** SUPPLIED MATERIAL follows **

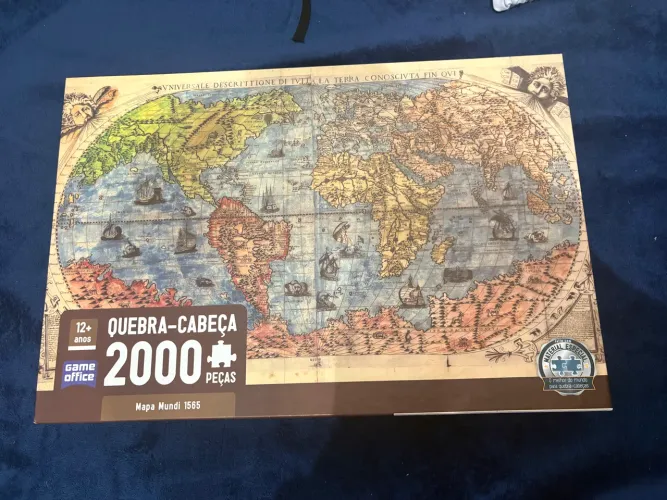Quebra cabeça 2000 peças com tapete 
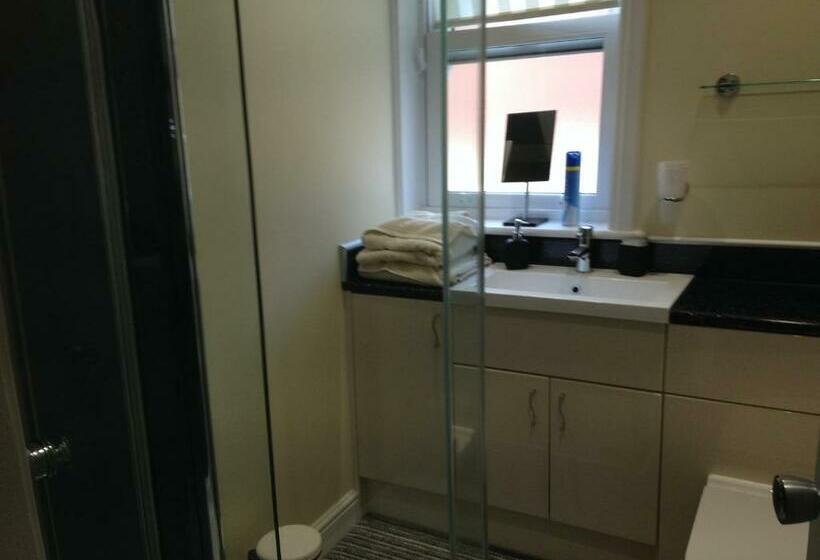 پانسیون Marden Guest House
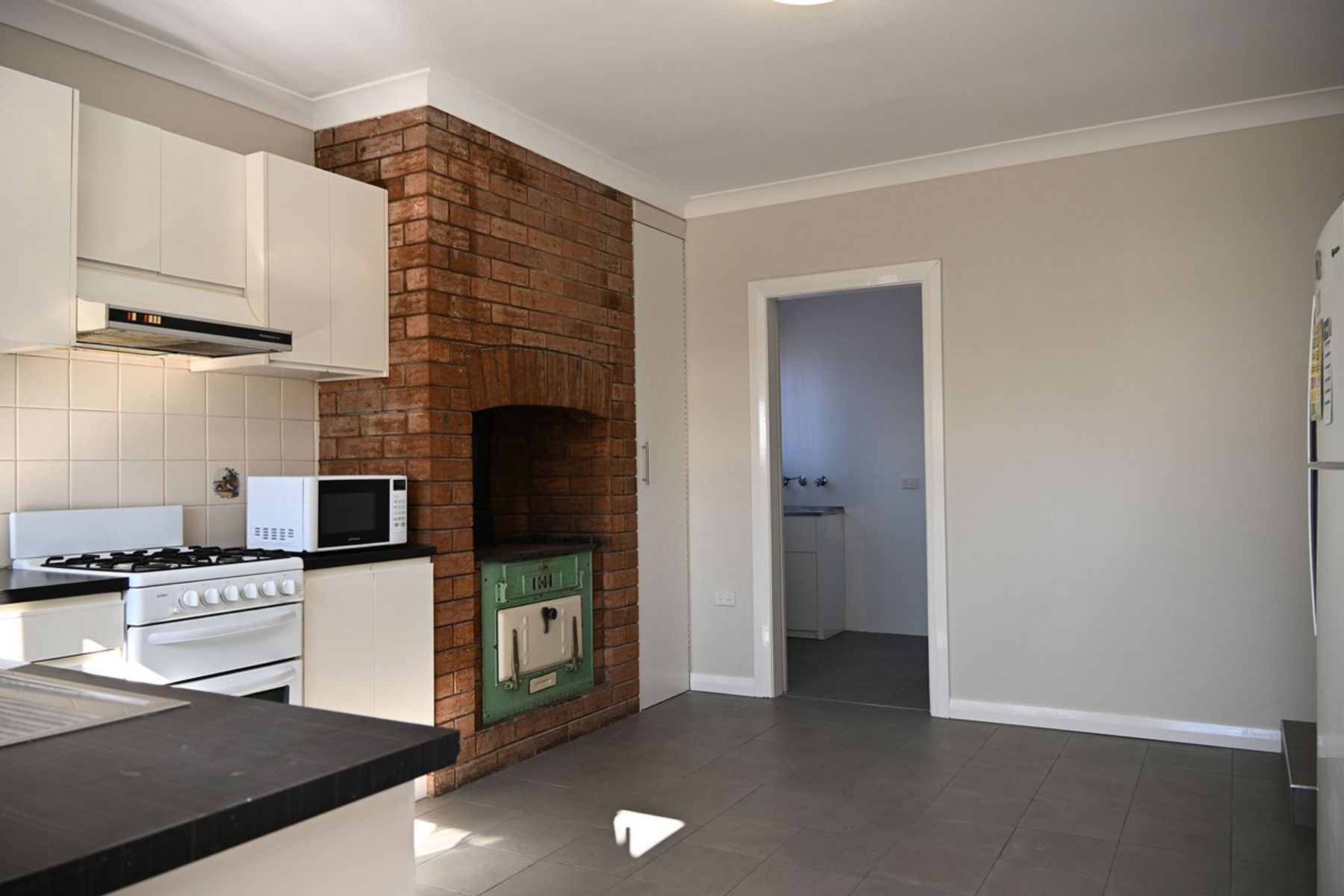 33 Bond Street, Port Augusta West SA 5700, Port Augusta West - Thumbnail 6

** End of SUPPLIED MATERIAL **

* **EXERCISE PROMPT**
Give back the material above exactly, without pictures.

* **OUTPUT**
Quebra cabeça 2000 peças com tapete 
 پانسیون Marden Guest House
 33 Bond Street, Port Augusta West SA 5700, Port Augusta West - Thumbnail 6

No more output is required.